When someone has a new baby, everyone wants answers to the same question.
"How's that little one? Is he a good sleeper?"
"Are you guys getting some rest?"
"How does he do at night?" etc. etc. ad nausem.
Then it's followed by a fantastic story about how their son/daughter/niece/nephew/grandchild slept through the night at 2 weeks old and takes 3 hour naps and is only awake long enough to remind everyone how fantastically cute and smart they are. Then I smile sweetly and have to say "I'm sorry, I have to leave now" before I go all Incredible Hulk on their asses. "You're making me angry.
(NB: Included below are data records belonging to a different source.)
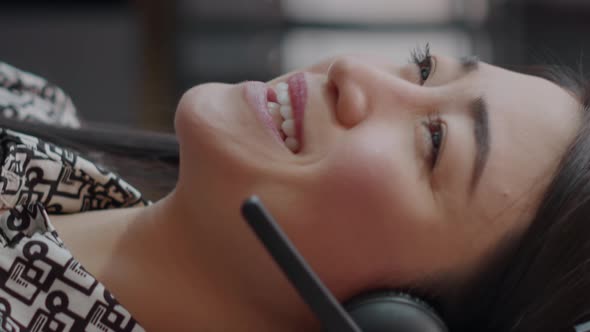 Vertical Video Close Up of Call Center Employee with Headphones Talking on Phone Call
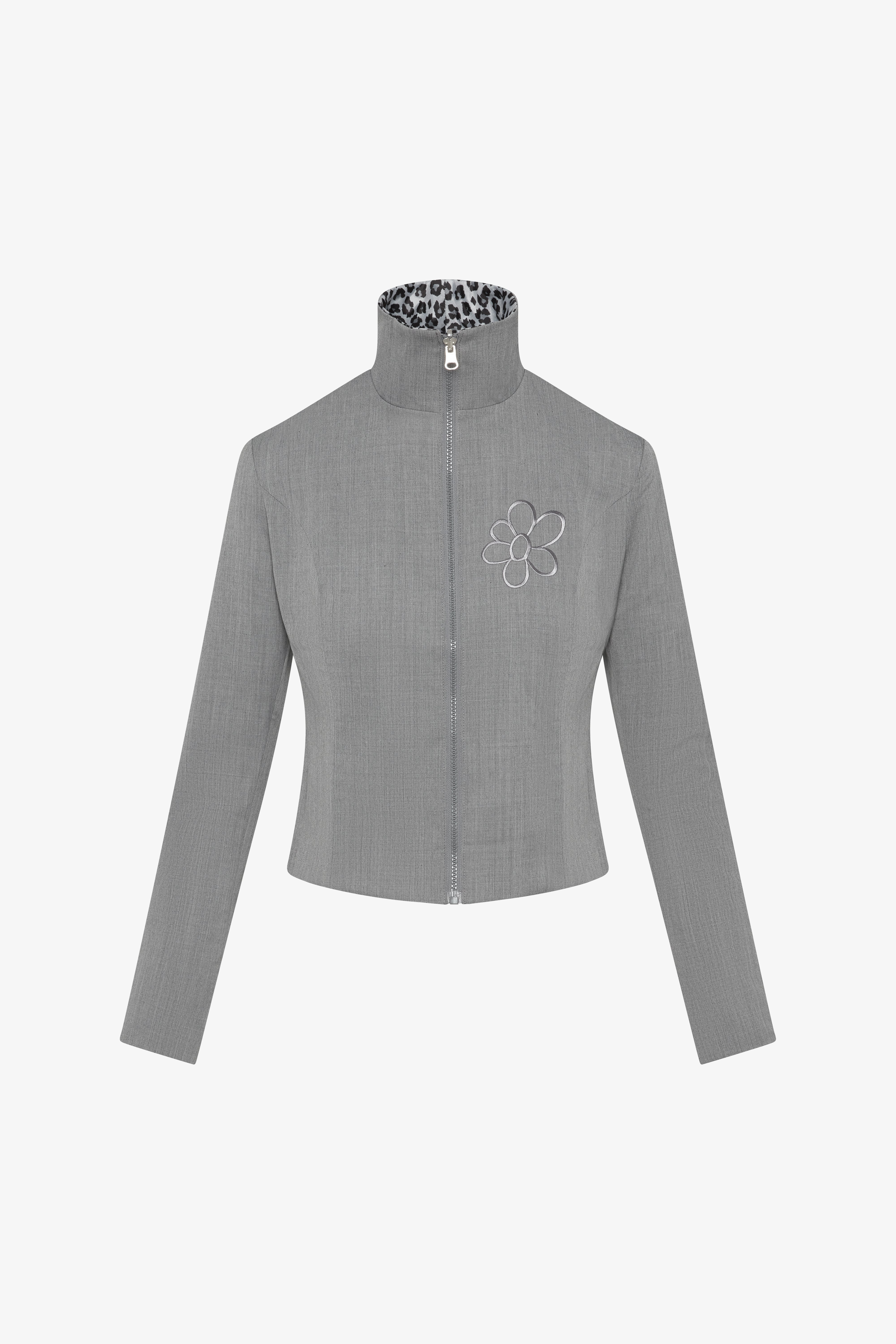 The Kaia Jacket in a white background. 100% made from sustainable deadstock material.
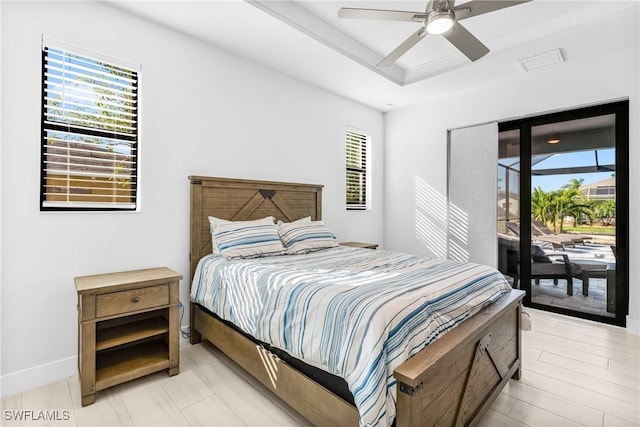 bedroom featuring access to outside, multiple windows, ceiling fan, and light hardwood / wood-style flooring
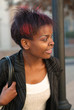 African American businesswoman portrait at bus stop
You wouldn't like me when I'm angry."
When Tyson was born and we realized that not every child was such a screaming ball of fury, both Jason and I were afraid to complain about it. We thought people would think we loved him less if we discussed how seemingly impossible it was to take care of an infant who never slept and cried all the time. It took months before I could verbalize or write anything that didn't indicate that everything was perfect. Now we are more seasoned. Now I can say with confidence; Fuck it. This shit is hard. And here's why.
Things started out ok with Nolan. He didn't appear to be as angry as his brother so we figured that maybe we had one of those 'sleepers' that we'd heard so much about. We were wrong. Due to some cosmic joke, neither of my children nap...at all...and neither sleep through the night (and when I say they don't sleep through the night, I mean they have more stamina than a college kid on spring break). Obviously this makes everyone super fun to be around and not at all crabby. The other night they were both awake so many times my brain imploded. I'm sitting here brainless as evidence by the fact that I've been trying to write this post for 45 minutes but can't be trusted to put a coherent thought together. That and the fact that I just found our remote control in the refrigerator.
I know this post is whiny. I know I sound completely ungrateful for my children and that isn't true. I adore my children but they are even more adorable when they sleep. They are downright darling when their parents sleep.